(INFORMATION SUPPLIED Opens)
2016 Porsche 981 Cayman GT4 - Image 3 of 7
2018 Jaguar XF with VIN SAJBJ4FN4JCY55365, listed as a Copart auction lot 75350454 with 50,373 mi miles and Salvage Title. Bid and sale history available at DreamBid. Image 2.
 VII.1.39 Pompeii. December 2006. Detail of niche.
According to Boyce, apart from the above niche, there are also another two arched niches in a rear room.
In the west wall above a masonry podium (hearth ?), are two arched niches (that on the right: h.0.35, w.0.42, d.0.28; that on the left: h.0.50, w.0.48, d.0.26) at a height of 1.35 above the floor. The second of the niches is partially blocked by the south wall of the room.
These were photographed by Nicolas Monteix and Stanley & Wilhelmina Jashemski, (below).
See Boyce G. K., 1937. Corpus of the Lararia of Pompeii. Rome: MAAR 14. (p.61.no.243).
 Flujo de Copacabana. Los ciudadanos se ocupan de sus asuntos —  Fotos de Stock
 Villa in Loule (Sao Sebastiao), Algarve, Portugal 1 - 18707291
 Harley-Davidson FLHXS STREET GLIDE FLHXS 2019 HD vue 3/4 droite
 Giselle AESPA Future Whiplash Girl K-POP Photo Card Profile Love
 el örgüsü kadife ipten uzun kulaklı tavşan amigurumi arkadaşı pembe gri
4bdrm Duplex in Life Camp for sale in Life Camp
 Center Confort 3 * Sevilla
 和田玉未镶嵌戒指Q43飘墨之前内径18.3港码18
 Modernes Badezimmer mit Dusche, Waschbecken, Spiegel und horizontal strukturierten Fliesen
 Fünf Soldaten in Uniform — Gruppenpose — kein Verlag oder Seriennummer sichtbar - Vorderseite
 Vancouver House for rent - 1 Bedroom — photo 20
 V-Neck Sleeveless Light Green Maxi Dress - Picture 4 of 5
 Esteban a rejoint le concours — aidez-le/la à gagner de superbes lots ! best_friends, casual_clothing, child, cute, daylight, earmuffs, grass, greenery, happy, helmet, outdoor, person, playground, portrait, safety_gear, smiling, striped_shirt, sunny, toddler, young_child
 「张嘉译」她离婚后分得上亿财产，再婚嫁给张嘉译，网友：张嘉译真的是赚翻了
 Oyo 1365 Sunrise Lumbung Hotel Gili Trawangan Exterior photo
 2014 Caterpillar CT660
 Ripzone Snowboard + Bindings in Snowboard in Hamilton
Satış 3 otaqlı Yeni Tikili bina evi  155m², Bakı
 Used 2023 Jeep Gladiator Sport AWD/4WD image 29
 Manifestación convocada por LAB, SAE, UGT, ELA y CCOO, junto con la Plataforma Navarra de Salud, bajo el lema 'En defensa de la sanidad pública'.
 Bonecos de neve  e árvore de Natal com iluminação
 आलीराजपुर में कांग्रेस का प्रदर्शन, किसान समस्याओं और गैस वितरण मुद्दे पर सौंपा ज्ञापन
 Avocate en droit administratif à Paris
(INFORMATION SUPPLIED Closes)
ABOUT THIS TASK: Using the data above, extract exactly the lines from the one that holds "Fünf Soldaten in" to the one that holds "Bonecos de neve", both ends included, and no others.

SOLVED PROBLEM:
 Fünf Soldaten in Uniform — Gruppenpose — kein Verlag oder Seriennummer sichtbar - Vorderseite
 Vancouver House for rent - 1 Bedroom — photo 20
 V-Neck Sleeveless Light Green Maxi Dress - Picture 4 of 5
 Esteban a rejoint le concours — aidez-le/la à gagner de superbes lots ! best_friends, casual_clothing, child, cute, daylight, earmuffs, grass, greenery, happy, helmet, outdoor, person, playground, portrait, safety_gear, smiling, striped_shirt, sunny, toddler, young_child
 「张嘉译」她离婚后分得上亿财产，再婚嫁给张嘉译，网友：张嘉译真的是赚翻了
 Oyo 1365 Sunrise Lumbung Hotel Gili Trawangan Exterior photo
 2014 Caterpillar CT660
 Ripzone Snowboard + Bindings in Snowboard in Hamilton
Satış 3 otaqlı Yeni Tikili bina evi  155m², Bakı
 Used 2023 Jeep Gladiator Sport AWD/4WD image 29
 Manifestación convocada por LAB, SAE, UGT, ELA y CCOO, junto con la Plataforma Navarra de Salud, bajo el lema 'En defensa de la sanidad pública'.
 Bonecos de neve  e árvore de Natal com iluminação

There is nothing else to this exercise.